Asyncio covers interactions with sub-processes too. The following program launches another Python process and executes the code “import this”. It is one of Python’s famous Easter eggs, and it prints the “Zen of Python”. Check out the output below.

The Python process is launched in the zen() coroutine using the create_subprocess_exec() function and binds the standard output to a pipe.

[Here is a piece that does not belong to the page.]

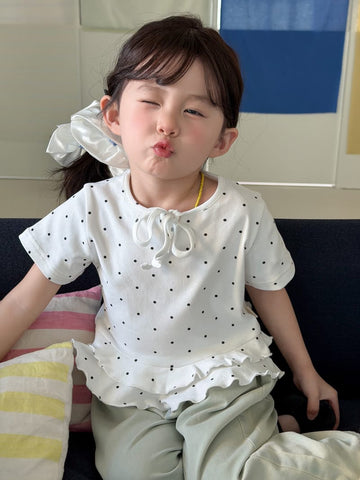 Polka Dot Tiered Ruffle T-Shirt ドット柄 半袖Tシャツ【mh0013118】 MaiTianJi 半袖Tシャツ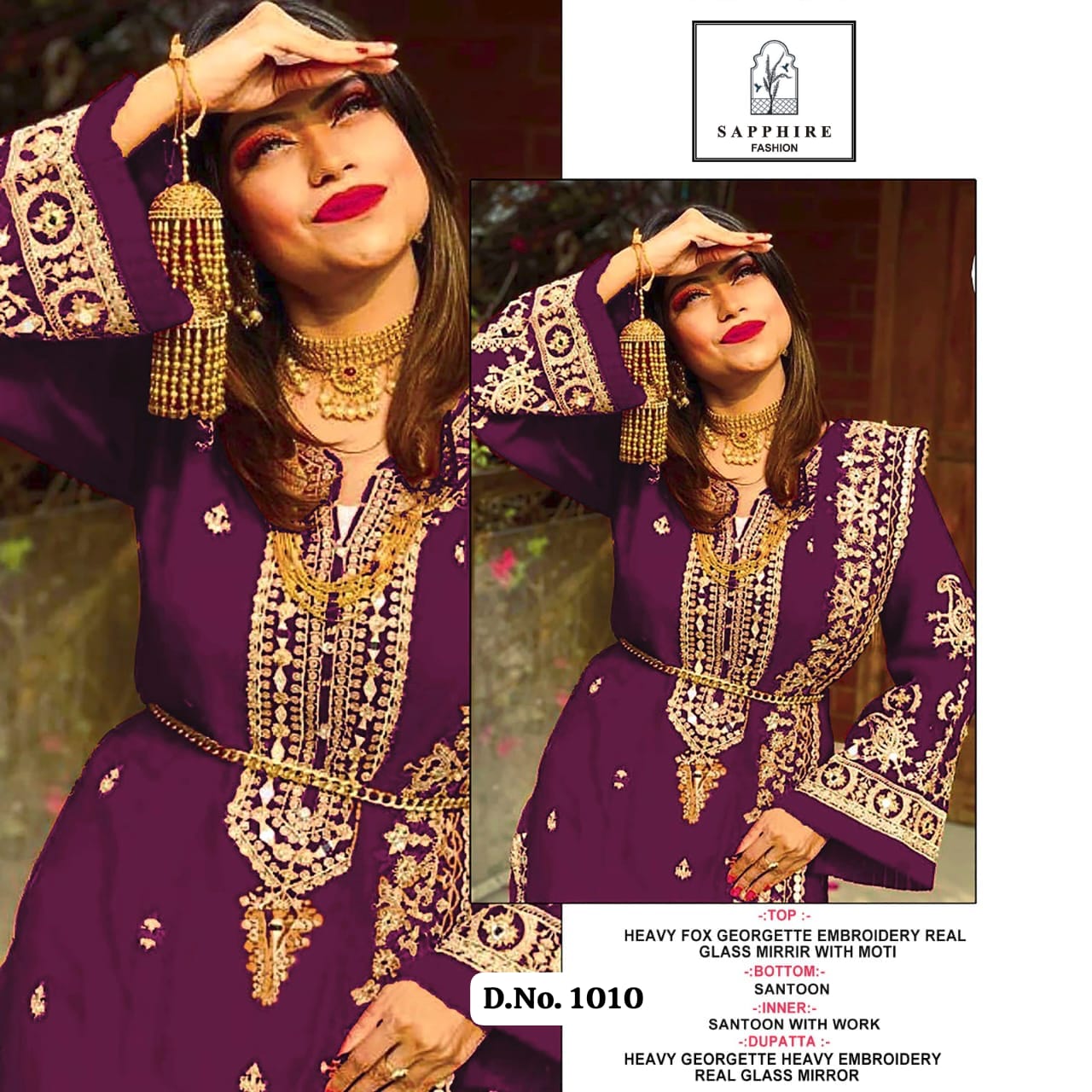 1010 Wine Sapphire Pakistani Salwar Suits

Then it iterates over the standard output line by line using await to give other processes or coroutines a chance to execute if output is not ready yet.

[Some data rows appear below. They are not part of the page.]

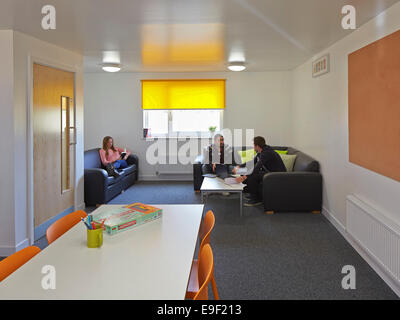 The Meadows Student Accomodation, University of Essex, Colchester, United Kingdom. Architect: bouygues, 2013. Communal area. Stock Photo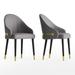 Everly Quinn Addyline Velvet Side Chair Dining Chair Wood/Upholstered/Velvet in Black/Brown/Gray | 35.82 H x 21.25 W x 23.42 D in | Wayfair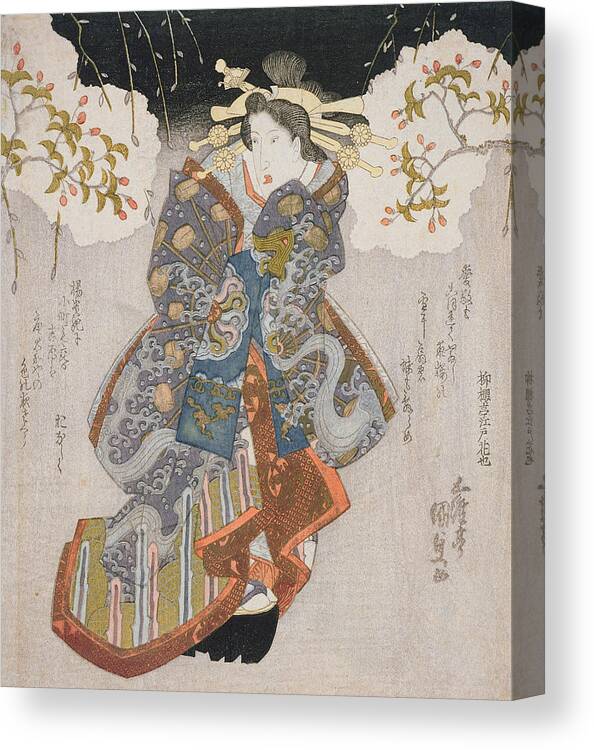 Female Canvas Print featuring the painting Iwai Kumesaburo II As A Courtesan by Utagawa Kunisada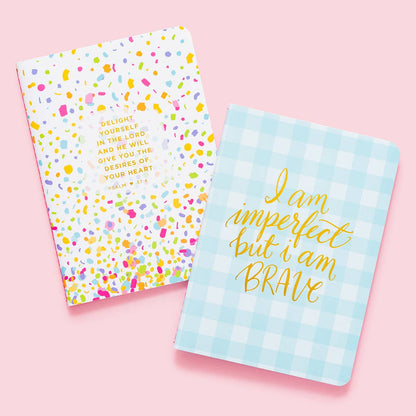 Taylor Elliott Designs - Notebook Set - Bible Verse - Confetti + Gingham - 2 Pc Set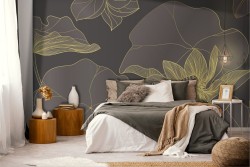 Flowers Leaves Luxury Stylized Nature Wallpaper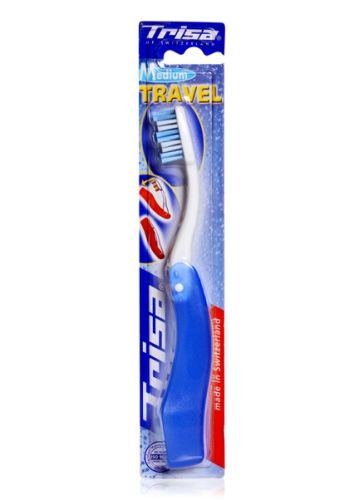 Trisa Medium Travel Toothbrush - Blue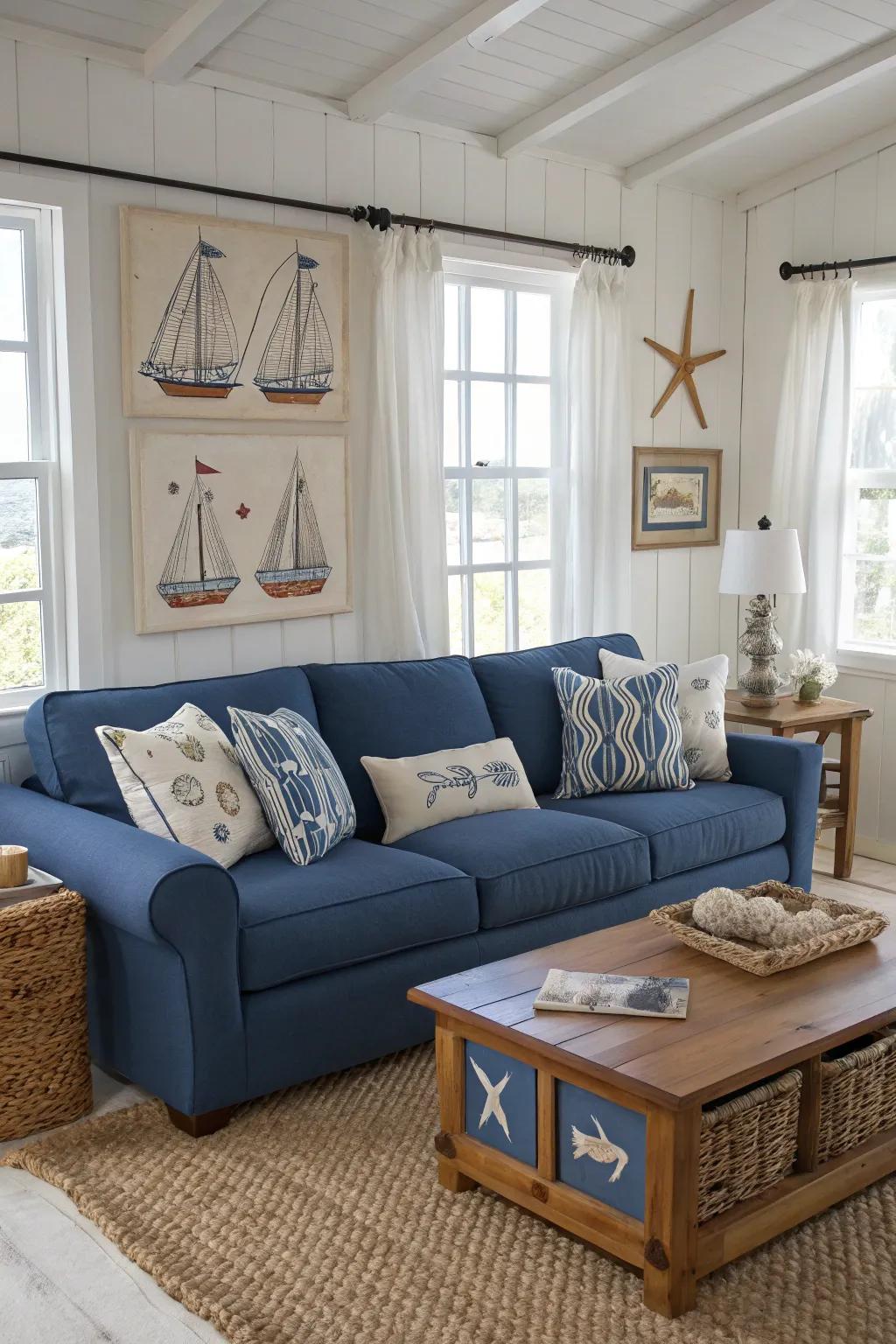 A blue sofa complements a coastal-themed living room.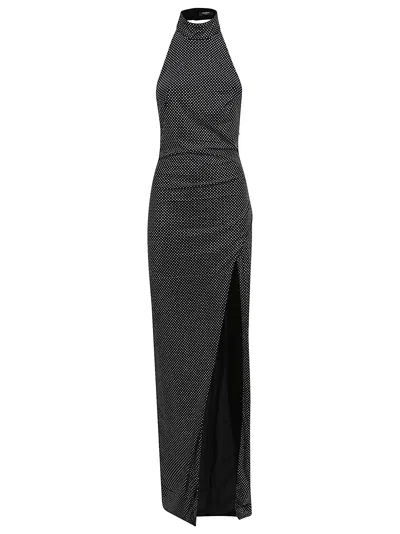 Balmain Long Velvet Halterneck Dress With Rhinestones In Black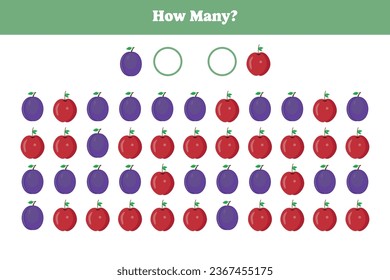 How many fruit are there? Educational math game for kids. Printable worksheet design for preschool, kindergarten or elementary kids.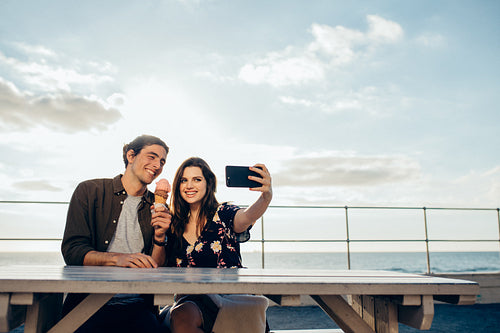 Couple taking selfie on their date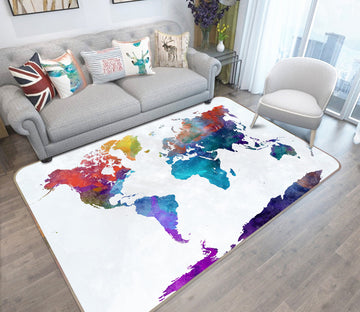 3D Colored Flag 203 World Map Non Slip Rug Mat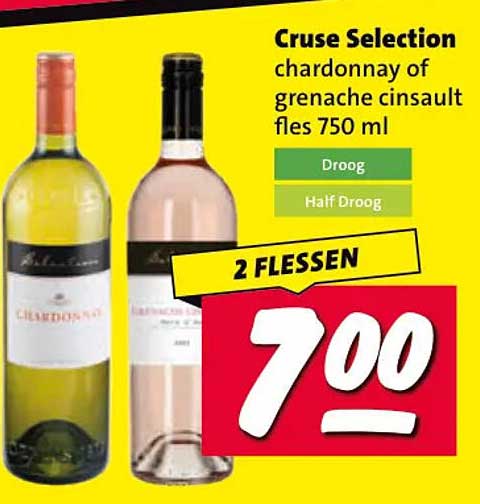 Cruse Selection chardonnay of grenache cinsault fles 750 ml 2 FLESSEN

Note that on Windows you have to set the event loop to the ProactorEventLoop because the standard SelectorEventLoop doesn’t support pipes.

import asyncio.subprocess
import sys


async def zen():
    code = 'import this'
    create = asyncio.create_subprocess_exec(
        sys.executable, 
        '-c', 
        code,
        stdout=asyncio.subprocess.PIPE)
    proc = await create

    data = await proc.stdout.readline()
    while data:
        line = data.decode('ascii').rstrip()
        print(line)
        data = await proc.stdout.readline()

    await proc.wait()

if sys.platform == "win32":
    loop = asyncio.ProactorEventLoop()
    asyncio.set_event_loop(loop)
else:
    loop = asyncio.get_event_loop()

loop.run_until_complete(zen())

Output:

The Zen of Python, by Tim Peters

Beautiful is better than ugly.
Explicit is better than implicit.
Simple is better than complex.
Complex is better than complicated.
Flat is better than nested.
Sparse is better than dense.
Readability counts.
Special cases aren't special enough to break the rules.
Although practicality beats purity.
Errors should never pass silently.
Unless explicitly silenced.
In the face of ambiguity, refuse the temptation to guess.
There should be one-- and preferably only one --obvious way to
do it.
Although that way may not be obvious at first unless you're
Dutch.
Now is better than never.
Although never is often better than *right* now.
If the implementation is hard to explain, it's a bad idea.
If the implementation is easy to explain, it may be a good idea.
Namespaces are one honking great idea -- let's do more of those!

Conclusion

Don’t hesitate to see what we have available for sale and for study in the marketplace, and don’t hesitate to ask any questions and provide your valuable feedback using the feed below.

Python’s asyncio is a comprehensive framework for asynchronous programming. It has a huge scope and supports both low-level as well as high-level APIs. It is still relatively young and not well understood by the community.

I’m confident that over time best practices will emerge, and more examples will surface and make it easier to use this powerful library.